According to their mission statement, the network seeks to encourage the education and retention of professional women in these fields through international collaboration. The founding of the network received support from UNESCO. Founding members include Canadian engineers Claire Deschênes, Monique Frize and Gail Mattson, current Immediate Past President of INWES and past president of SWE, Society of Women Engineers, USA. The network currently has over 60 countries involved, including the Association of Korean Women Scientists and Engineers, Women's Engineering Society (UK), the German Association of Women Engineers (DIB), the Society of Taiwan Women in Science and Technology (TWiST) and African Women in Science and Engineering (AWSE).
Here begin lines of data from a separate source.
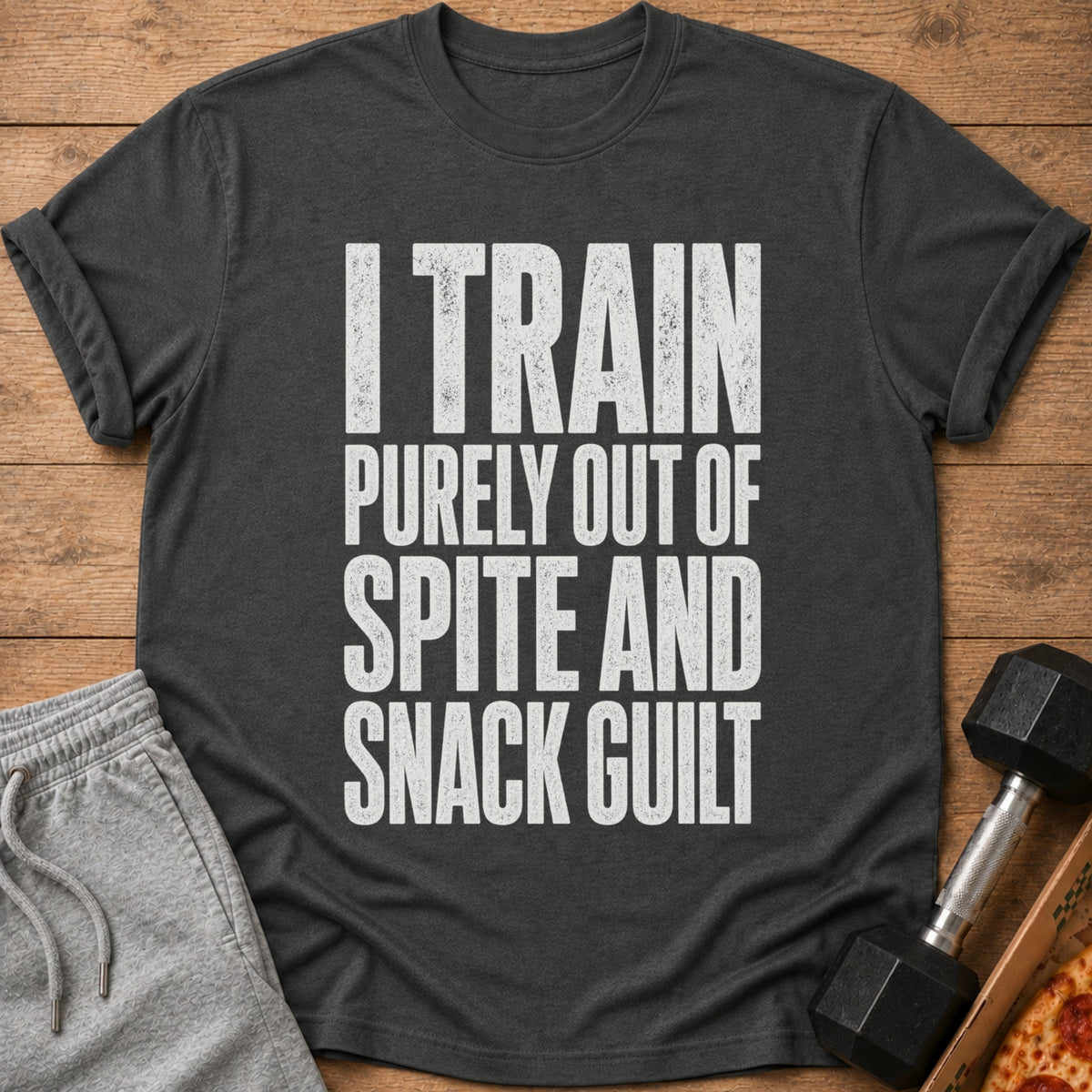 Charcoal t-shirt with white text reading "I TRAIN PURELY OUT OF SPITE AND SNACK GUILT."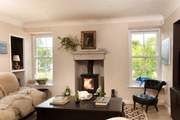 Cosy up with a book by the wood-burning stove.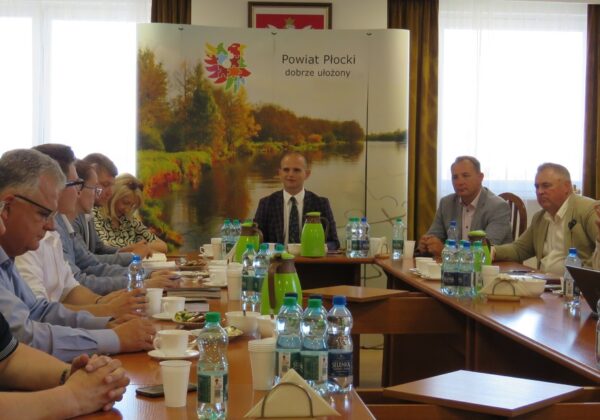 Na zdjęciu widać uczestników spotkania w sali konferencyjnej, którzy dyskutują przy długim stole, z tłem promującym Powiat Płocki.
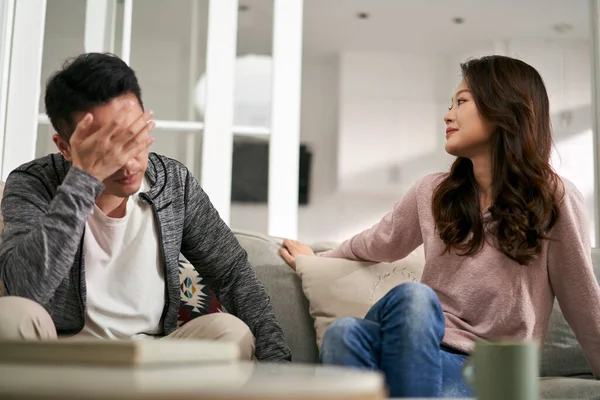 一对年轻的亚洲夫妇坐在家里的沙发上谈论他们的婚姻问题 — 图库照片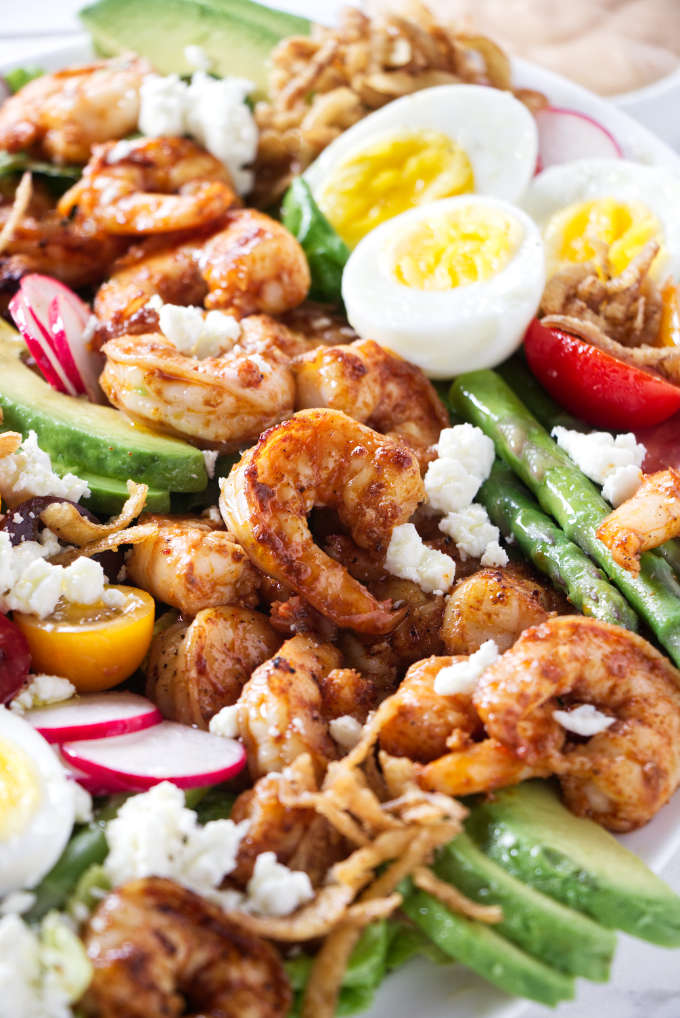 A serving dish filled with shrimp Louie salad.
Management of the International Conference of Women Engineers and Scientists 
The network took over the management of the International Conference of Women Engineers and Scientists (ICWES), which first took place in 1964 in New York and has met every 3–4 years since then. ICWES serves as a meeting point for women practitioners in science and engineering from across the world. Since INWES took over the management of the conference, it has taken place in Ottawa, Canada (2002); Seoul, Korea (2005); Lille, France (2008); Adelaide, Australia (2011); Los Angeles, USA (2014); and New Delhi, India (2017). ICWES 18 will take place in Coventry, UK, in 2021.

INWES archives 
The archives of INWES are held in the University of Ottawa Archives and Special Collections.

Education and Research  Institute 

The Education and Research  Institute (INWES-ERI) is an initiative of INWES.